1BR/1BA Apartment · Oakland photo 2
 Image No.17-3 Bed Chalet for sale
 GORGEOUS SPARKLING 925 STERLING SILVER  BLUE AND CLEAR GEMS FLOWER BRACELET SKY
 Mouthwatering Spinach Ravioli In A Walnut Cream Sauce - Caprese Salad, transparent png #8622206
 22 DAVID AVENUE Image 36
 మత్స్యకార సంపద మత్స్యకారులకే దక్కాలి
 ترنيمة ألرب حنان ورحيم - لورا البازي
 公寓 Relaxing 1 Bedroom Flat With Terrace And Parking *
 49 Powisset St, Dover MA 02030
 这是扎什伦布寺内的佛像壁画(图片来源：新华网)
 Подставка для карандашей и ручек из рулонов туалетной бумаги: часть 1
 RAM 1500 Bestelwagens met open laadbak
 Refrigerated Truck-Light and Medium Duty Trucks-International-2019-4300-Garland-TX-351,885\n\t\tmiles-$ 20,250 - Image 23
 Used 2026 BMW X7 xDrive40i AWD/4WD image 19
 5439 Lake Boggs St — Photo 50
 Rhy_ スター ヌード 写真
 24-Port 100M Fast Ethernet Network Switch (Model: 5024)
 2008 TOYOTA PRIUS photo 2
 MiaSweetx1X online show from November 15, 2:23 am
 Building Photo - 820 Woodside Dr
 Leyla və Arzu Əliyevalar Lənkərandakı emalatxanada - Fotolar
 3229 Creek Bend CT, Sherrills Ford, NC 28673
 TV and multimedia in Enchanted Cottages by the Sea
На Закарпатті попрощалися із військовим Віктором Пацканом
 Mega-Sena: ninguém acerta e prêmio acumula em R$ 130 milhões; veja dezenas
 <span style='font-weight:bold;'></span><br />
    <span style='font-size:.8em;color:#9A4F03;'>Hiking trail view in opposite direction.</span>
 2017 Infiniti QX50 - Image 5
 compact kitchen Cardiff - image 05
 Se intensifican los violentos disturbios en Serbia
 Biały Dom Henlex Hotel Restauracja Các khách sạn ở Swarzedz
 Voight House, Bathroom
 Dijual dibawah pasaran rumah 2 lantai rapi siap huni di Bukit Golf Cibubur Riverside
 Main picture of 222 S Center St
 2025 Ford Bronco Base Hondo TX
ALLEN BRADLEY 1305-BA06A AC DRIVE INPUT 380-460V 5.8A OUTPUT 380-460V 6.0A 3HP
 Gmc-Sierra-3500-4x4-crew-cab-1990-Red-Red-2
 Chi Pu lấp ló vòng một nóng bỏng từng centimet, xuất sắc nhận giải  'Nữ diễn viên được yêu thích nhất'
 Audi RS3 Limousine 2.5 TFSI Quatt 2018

+---+

About this task —
When a line in the material above holds the word "Ford", count it; report only the total.

Answer to this exercise —
2